In today's guest blog, Gransnet Editor Geraldine Bedell argues that it may not be possible or desirable for grandparents to plug the "looming care-gap crisis" - and that we need to find an alternative solution.
Read her post, and tell us what you think. Do you rely on your own parents for childcare - and would you be forced to stop work if they weren't able to help? If the retirement age increases, what can be done to fill the childcare gap?
Let us have your thoughts - and if you post on this topic, do link to your URL on the thread.
I liked Geraldine Bedell's post and I liked the comparison between the Scandinavian and the Mediterranean childcare models (Spanish grandparents are the most devoted of the lot, IME).
For me, the real, big issue is whether institutionalising our children from the earliest age is going to provide them with the emotional support to make happy, balanced adults of them. I personally have severe reservations about early and continued institutionalisation of children and for that reason alone I cannot support any sort of political system that wants all adults of sound body and mind in paid work outside the home. I think we need a significant proportion of adults of sound body and mind bringing up DC in the home. I know a lot of Scandinavians and I am not impressed with the state of their relationships, and nor are they - most of the Scandinavians I know choose to have a SAHP, because they are in a situation (living outside their home country) where that is possible.
Haven't read everything yet but am just thinking I'd rather spend my late 50's and 60's helping to raise my grandchildren than continuing in the workplace which for me would probably involve caring for other people's children in a more stressful setting, with likely higher ratio's of children (than at home). Though I may consider some further training to become a Health Visitor at some point before the grandchildren arrive ! (DD is 13 ATM and off school today with nasty cold so not likely just yet)
But I like the Spanish model of grandparents being so involved supporting the younger generations. To me work isn't the be all and end all - I'd rather turn my attention to the future as I get older, nurturing the new generation, and supporting my DD and DS on their life journey's at the same time.
My parents and PIL were long retired before dh and I chose to have a child - for whom we'd worked out childcare costs and if we could pay them.
My care crisis is not about my child, its about my parents. At 40, with a 6 year old (and a ft job), my parents are right on the very edge of coping at home. And believe me, trying to care for elderly adults with multiple health issues (sometimes they have 5 or more healthcare appointments a week) puts organising nursery or childminders into perspective!
I think a lot of women in their 50s and 60s would like to slow down a bit at work. I know plenty of women who feel or felt that their last years at work before retirement were awful - that their energy levels had dropped and that they had no time or energy for anything once work was finished. Maybe part-time care of grandchildren suits the time of life better than WOHM?

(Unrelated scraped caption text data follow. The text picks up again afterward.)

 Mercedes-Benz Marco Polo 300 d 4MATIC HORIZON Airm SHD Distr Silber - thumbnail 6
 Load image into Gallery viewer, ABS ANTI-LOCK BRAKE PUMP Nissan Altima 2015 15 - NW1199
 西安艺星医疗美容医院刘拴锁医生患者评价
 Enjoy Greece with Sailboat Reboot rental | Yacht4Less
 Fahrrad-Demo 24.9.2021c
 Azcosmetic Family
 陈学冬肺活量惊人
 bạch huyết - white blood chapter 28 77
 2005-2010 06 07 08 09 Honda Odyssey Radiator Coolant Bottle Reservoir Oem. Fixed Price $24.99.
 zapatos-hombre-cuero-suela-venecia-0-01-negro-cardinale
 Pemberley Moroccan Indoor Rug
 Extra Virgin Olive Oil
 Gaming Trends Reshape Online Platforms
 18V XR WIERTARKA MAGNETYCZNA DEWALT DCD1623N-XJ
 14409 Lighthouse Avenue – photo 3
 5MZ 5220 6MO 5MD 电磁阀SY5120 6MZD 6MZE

I did a child psychology module (just part of an OU undergrad degree) about 10 years ago and the statistics then indicated children under 3 cared for by grandparents did the least well of any group, in terms of educational attainment and a few other markers, children at home with a parent did narrowly better than children in formal childcare.
I would be deeply unimpressed if there were some state system in place to mean my parents or in-laws were paid to stay at home with my children but which made it financially very difficult or impossible for me to chose to do so, surely if anyone is state subsidised to stay home it should be one parent, not a grandparent, that just makes no sense at all.
A lot of grandparents are of course doubtless incredible and brilliant childcarers, but others are no longer healthy enough to look after children 5 full days a week (my own mother most certainly isn't, and she isn't even especially "old" but is no longer/ no longer considers herself strong enough to take sole charge of a toddler without roping in other adults to help her do it, and of course other parents no longer have their own parents or have such a terrible relationship with them, or live and work so far away from them, that it would be unthinkable to use them as childcare.
What would happen in a scenario where a woman (woman A) had a baby at 17, then later went on to have another at 42, and meanwhile her first baby (now in her mid 20s) had had a couple of children of her own - would the woman be paid to look after her grandchildren but be under pressure from her own mother, potentially also only in her early 60s, to hand her youngest over so that the grandmother of that child would get her stay at home opportunity!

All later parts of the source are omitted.